About this task: If a line contains "Volvo A25C dismantled for spare parts", it is the last one to write out; begin with the first line of the records and copy each exactly.

Start of Working data

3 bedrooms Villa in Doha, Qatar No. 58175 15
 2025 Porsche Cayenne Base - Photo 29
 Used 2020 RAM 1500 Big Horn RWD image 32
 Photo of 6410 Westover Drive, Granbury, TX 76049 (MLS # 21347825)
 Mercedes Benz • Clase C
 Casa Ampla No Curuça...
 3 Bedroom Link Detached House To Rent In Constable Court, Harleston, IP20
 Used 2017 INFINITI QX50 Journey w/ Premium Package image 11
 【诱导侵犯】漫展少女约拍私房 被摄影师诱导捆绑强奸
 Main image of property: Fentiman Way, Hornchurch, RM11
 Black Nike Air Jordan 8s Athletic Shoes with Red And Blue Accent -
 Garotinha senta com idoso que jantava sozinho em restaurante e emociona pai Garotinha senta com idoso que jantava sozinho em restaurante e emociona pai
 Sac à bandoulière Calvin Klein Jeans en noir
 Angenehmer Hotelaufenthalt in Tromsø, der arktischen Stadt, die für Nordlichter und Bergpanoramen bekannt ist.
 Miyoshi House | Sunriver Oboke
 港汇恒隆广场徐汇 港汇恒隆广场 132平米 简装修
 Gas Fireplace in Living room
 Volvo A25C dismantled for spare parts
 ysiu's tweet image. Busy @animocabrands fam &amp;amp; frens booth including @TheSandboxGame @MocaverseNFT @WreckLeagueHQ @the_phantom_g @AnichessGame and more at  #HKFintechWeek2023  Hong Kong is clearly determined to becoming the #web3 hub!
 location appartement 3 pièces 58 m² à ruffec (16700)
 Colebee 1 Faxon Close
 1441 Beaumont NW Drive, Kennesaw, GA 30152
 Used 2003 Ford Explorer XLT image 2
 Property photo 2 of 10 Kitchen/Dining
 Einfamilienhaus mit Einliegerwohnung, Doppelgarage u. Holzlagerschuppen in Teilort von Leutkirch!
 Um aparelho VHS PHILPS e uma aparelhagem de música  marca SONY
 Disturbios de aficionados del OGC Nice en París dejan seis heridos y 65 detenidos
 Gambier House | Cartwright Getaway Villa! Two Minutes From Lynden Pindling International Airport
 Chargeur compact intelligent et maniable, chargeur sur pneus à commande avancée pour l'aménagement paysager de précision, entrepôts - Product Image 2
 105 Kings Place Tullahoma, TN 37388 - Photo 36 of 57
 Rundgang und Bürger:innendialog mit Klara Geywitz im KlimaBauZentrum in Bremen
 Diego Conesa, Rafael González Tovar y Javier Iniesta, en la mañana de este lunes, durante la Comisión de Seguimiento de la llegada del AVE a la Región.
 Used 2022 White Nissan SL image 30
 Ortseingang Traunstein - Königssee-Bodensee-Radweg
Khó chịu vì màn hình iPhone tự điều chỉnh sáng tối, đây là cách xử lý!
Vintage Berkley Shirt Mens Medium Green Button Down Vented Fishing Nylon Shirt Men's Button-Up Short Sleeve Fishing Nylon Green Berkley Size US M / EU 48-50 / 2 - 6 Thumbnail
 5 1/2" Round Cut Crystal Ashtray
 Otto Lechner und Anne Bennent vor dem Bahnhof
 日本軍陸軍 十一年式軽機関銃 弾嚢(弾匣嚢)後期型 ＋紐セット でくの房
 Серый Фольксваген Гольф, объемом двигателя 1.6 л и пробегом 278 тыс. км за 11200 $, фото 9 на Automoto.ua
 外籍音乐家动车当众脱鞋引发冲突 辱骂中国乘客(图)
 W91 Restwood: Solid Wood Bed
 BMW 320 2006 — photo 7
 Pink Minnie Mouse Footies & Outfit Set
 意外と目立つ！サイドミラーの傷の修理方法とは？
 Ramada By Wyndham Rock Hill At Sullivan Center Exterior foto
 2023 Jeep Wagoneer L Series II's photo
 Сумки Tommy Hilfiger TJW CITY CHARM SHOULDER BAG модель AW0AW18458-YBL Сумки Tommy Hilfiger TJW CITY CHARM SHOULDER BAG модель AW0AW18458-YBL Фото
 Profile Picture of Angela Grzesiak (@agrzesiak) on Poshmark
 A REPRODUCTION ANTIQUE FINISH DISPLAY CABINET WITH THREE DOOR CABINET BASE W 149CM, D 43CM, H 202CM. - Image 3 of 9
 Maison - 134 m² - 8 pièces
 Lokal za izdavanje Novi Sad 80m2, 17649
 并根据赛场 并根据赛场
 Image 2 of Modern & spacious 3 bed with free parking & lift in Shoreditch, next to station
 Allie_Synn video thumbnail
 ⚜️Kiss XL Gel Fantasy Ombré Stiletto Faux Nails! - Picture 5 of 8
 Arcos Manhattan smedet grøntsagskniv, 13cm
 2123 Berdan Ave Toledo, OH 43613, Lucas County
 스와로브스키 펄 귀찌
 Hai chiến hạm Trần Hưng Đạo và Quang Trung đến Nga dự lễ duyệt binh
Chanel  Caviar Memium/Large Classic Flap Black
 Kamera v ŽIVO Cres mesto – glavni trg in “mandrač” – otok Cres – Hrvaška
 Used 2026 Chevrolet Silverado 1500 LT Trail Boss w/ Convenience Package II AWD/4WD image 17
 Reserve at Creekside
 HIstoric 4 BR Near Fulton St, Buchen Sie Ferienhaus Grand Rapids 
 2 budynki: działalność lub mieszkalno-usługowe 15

End of Working data

Solution below:
3 bedrooms Villa in Doha, Qatar No. 58175 15
 2025 Porsche Cayenne Base - Photo 29
 Used 2020 RAM 1500 Big Horn RWD image 32
 Photo of 6410 Westover Drive, Granbury, TX 76049 (MLS # 21347825)
 Mercedes Benz • Clase C
 Casa Ampla No Curuça...
 3 Bedroom Link Detached House To Rent In Constable Court, Harleston, IP20
 Used 2017 INFINITI QX50 Journey w/ Premium Package image 11
 【诱导侵犯】漫展少女约拍私房 被摄影师诱导捆绑强奸
 Main image of property: Fentiman Way, Hornchurch, RM11
 Black Nike Air Jordan 8s Athletic Shoes with Red And Blue Accent -
 Garotinha senta com idoso que jantava sozinho em restaurante e emociona pai Garotinha senta com idoso que jantava sozinho em restaurante e emociona pai
 Sac à bandoulière Calvin Klein Jeans en noir
 Angenehmer Hotelaufenthalt in Tromsø, der arktischen Stadt, die für Nordlichter und Bergpanoramen bekannt ist.
 Miyoshi House | Sunriver Oboke
 港汇恒隆广场徐汇 港汇恒隆广场 132平米 简装修
 Gas Fireplace in Living room
 Volvo A25C dismantled for spare parts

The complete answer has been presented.